Like most of us, these characters are struggling to understand what they have gained and lost by abandoning the passions and moral certainties of youth. As the narrator of the first story discovers when “barbarian” rock fans invade her town, it can be terrifying to be knocked from the “tiny fixed orbit” of conventional life. But if a person can stretch her imagination far enough, she might also be able to glimpse an “elsewhere” beyond the boundaries of ordinary human limitations.

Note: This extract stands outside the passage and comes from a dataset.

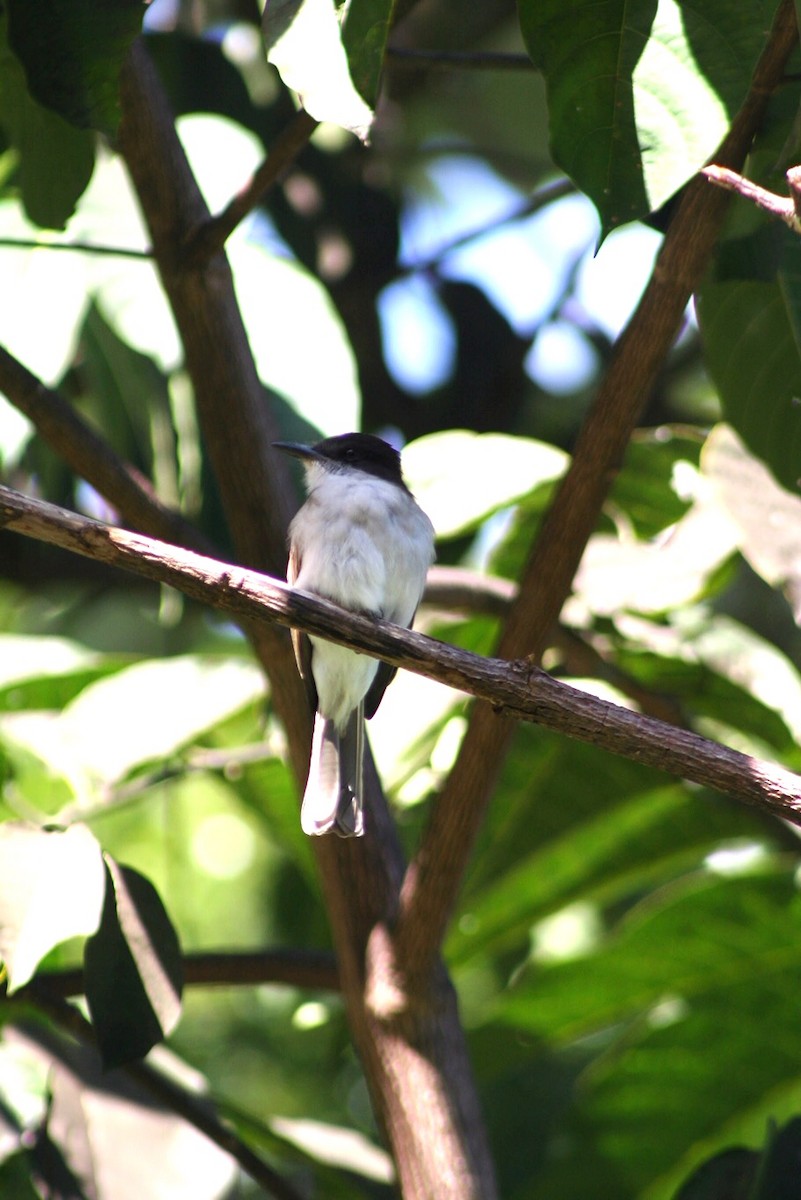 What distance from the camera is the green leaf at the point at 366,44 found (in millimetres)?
1695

This battle between the real and ideal is taken to mythic heights in the title novella, in which a novice rabbi must try to evict her Orthodox predecessor from the house provided by her prickly congregation. Only when she tempers her enthusiasm for the new ways with compassion for those who follow the old ways can Rabbi Bloomgarten begin to care for their souls.

Eileen Pollack writes from a Jewish point of view, but her subject is the search for principles that we must all undertake in a world in which religious truths are no longer handed down from parent to child.

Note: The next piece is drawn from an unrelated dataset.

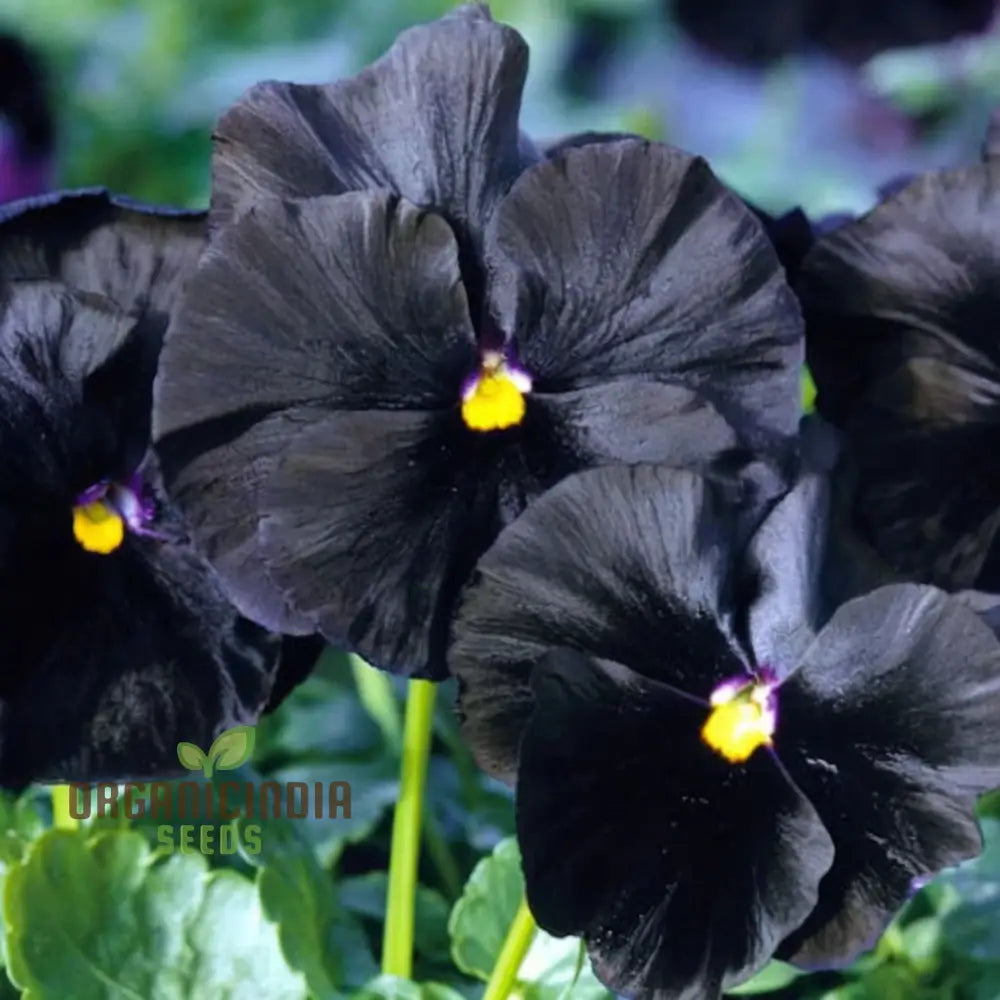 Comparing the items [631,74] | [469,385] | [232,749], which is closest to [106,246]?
[469,385]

Just as one of her characters decides to become a “value assessor,” the author herself helps us to sort through the jumble of objects, ideas, and memories in our own attics. In doing so, she appeals to our minds and our hearts. Her characters teach us that imagination and empathy are our best hope if we are to understand—and perhaps transcend—the pain in our world. Her language is lyrical, rhythmic, and lush. The images in her stories—a chef’s severed hand, a plummeting air conditioner, a village sunk beneath a reservoir—will stay in your mind long after you have finished her book.

About the Author
Eileen Pollack

Eileen Pollack was born and grew up in Liberty, N.Y., the heart of the Jewish Catskills, where her grandparents owned and operated a small hotel and her father was the town dentist. A graduate of Yale University with a BS in physics, Eileen later earned an MFA from the University of Iowa, where she was awarded a Teaching-Writing Fellowship.

She is the author of a collection of short fiction, The Rabbi in the Attic And Other Stories, a novel, Paradise, New York, and a work of creative nonfiction called Woman Walking Ahead: In Search of Catherine Weldon and Sitting Bull, which won a 2003 WILLA finalist award. Eileen's essays, articles, and reviews have appeared in many periodicals; her innovative textbook and anthology, Creative Nonfiction: A Guide to Form, Content, and Style, with Readings, was published in January 2009 by Wadsworth/Cengage. A new collection of stories and novellas called In the Mouth was published in 2008 by Four Way Books and was named the winner of the 2008 Edward Lewis Wallant Award, which is presented annually to an American writer whose published creative work of fiction is considered to have significance for the American Jew, in addition to being shortlisted for the Sophie Brody Medal for Jewish literature, chosen as a finalist for the Paterson Fiction Award, and awarded a silver medal in ForeWord Magazine's 2008 Book of the Year Awards.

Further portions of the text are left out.